From the data below, set down exactly the lines between the one holding "Rain + Rose Crew Neck Sweater In Brown" and the one holding "Integraton tme of", inclusive, and no others.

Records to process
=-=-=

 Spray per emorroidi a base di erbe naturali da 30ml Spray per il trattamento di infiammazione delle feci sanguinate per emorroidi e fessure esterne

=-=-=

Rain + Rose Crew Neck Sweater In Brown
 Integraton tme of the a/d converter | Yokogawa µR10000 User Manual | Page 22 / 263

=-=-=

Exercise result
Rain + Rose Crew Neck Sweater In Brown
 Integraton tme of the a/d converter | Yokogawa µR10000 User Manual | Page 22 / 263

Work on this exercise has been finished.